Seats: [34, 0, 87, 0, 29, 0, 0, 0, 0, 0, 0, 0, 0, 1, 0, 1, 30, 0, 0, 1, 0, 0, 0,...
note: run with `RUST_BACKTRACE=1` environment variable to display a backtrace
==67327== ERROR: libFuzzer: deadly signal
#0 0x62bba3c5fdc1 (/mnt/Projects/abacus/backend/fuzz/target/x86_64-unknown-...
#1 0x62bba3cd859d (/mnt/Projects/abacus/backend/fuzz/target/x86_64-unknown-...
#2 0x62bba3cc6b59 (/mnt/Projects/abacus/backend/fuzz/target/x86_64-unknown-...
It has found a case for which concordance doesn't seem to hold. A party with 511 votes got 0 seats, while a party with 0 votes somehow got 1 seat. This certainly doesn't seem right!
The first thing to do once the fuzzer finds something is to verify whether the behavior is actually a bug in the system you are testing and not a bug in your own fuzzing logic. So, to start our investigation into what is going on we wrote a unit test similar to the one we saw before to see if the correct number of seats are allocated for the case found by the fuzzer:
#[test]
fn my_test() {
let totals = get_election_summary(vec![19858427, 0, 50397184, 511, 16777727, ...
let result = seat_allocation(18, &totals).unwrap();
let total_seats_allocated = result.final_standing.iter()
.map(|p| p.total_seats).sum::<u64>();
assert_eq!(18, total_seats_allocated);
}
Surprisingly, this test fails! Somehow Abacus has allocated 24 seats, despite there only being 18 seats to be distributed.
How did this happen? Well, after looking through the Abacus source code, we traced the problem back to some code in the get_election_summary
function:
let mut political_group_votes: Vec<PoliticalGroupVotes> = vec![];
for (index, votes) in pg_votes.iter().enumerate() {
political_group_votes.push(PoliticalGroupVotes::from_test_data_auto(
(index + 1) as u8,
*votes,
&[],
))
}
Here, the party numbers (which are used to identify parties) are cast to u8
using as
. The test case generated by the fuzzer happens to have more than 255 parties, which means the party numbers overflow.

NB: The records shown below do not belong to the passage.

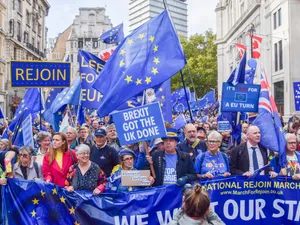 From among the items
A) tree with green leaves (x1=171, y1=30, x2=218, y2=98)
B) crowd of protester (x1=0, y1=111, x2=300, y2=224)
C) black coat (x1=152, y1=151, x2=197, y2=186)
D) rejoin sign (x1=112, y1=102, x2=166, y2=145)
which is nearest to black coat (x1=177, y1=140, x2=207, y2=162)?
crowd of protester (x1=0, y1=111, x2=300, y2=224)

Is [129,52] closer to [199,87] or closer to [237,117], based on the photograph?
[237,117]

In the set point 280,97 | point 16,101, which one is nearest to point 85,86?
point 280,97

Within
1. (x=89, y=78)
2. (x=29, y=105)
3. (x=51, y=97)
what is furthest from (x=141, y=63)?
(x=51, y=97)

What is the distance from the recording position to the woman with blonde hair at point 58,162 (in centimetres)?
600

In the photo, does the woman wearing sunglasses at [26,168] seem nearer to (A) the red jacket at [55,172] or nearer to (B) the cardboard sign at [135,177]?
(A) the red jacket at [55,172]

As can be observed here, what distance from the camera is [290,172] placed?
6.11 m

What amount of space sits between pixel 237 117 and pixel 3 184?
5.35m

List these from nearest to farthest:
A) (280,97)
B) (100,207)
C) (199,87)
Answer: (100,207)
(280,97)
(199,87)

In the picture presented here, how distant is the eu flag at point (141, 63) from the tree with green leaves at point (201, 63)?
50.5 metres

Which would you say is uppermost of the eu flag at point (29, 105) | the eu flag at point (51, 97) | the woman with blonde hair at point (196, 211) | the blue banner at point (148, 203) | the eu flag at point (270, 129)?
the eu flag at point (51, 97)

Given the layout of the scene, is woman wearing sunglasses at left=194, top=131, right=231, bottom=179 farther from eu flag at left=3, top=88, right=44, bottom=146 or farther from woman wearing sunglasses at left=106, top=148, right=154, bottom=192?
eu flag at left=3, top=88, right=44, bottom=146

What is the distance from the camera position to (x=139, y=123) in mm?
5891

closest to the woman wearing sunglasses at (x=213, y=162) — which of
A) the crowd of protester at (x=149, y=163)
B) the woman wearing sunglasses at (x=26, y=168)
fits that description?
the crowd of protester at (x=149, y=163)

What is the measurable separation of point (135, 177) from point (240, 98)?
161 inches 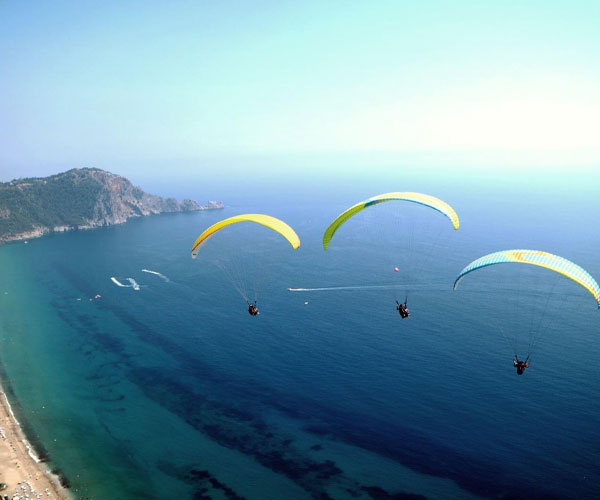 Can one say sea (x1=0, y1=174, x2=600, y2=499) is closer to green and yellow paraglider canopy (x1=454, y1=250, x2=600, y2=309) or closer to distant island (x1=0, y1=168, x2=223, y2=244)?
green and yellow paraglider canopy (x1=454, y1=250, x2=600, y2=309)

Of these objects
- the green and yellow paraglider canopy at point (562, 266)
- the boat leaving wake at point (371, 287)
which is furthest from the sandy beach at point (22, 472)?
the boat leaving wake at point (371, 287)

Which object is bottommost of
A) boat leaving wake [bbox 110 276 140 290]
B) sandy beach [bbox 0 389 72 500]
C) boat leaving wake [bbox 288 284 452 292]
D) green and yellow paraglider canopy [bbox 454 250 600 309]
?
sandy beach [bbox 0 389 72 500]

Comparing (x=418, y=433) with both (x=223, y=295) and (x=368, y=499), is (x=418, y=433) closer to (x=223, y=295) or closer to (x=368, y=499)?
(x=368, y=499)

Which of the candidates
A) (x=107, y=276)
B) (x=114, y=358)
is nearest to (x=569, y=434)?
(x=114, y=358)

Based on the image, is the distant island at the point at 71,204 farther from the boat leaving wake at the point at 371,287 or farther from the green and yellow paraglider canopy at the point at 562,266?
the green and yellow paraglider canopy at the point at 562,266

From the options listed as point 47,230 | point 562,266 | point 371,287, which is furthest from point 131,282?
point 562,266

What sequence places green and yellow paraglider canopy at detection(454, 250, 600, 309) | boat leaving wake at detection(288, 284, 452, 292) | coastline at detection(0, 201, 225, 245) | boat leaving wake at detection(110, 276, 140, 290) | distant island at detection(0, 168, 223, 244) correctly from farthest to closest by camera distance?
distant island at detection(0, 168, 223, 244), coastline at detection(0, 201, 225, 245), boat leaving wake at detection(110, 276, 140, 290), boat leaving wake at detection(288, 284, 452, 292), green and yellow paraglider canopy at detection(454, 250, 600, 309)

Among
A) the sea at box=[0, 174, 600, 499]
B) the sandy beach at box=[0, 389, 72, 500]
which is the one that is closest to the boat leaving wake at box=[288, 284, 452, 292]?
the sea at box=[0, 174, 600, 499]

This means that the 256th party will get party number 1, which is also used by the first party. The residual seats happen to be awarded based on the party numbers, so when party #256 deserves a residual seat, party #1 will also get a residual seat because it has the "same" party number.
Fortunately, this bug can only be triggered in the test code, as the get_election_summary
function is only used for unit tests (although we also reused it for our fuzzer). If you actually try to run an election with more than 255 parties, the database in the back-end will give an error that the party numbers don't fit in the database.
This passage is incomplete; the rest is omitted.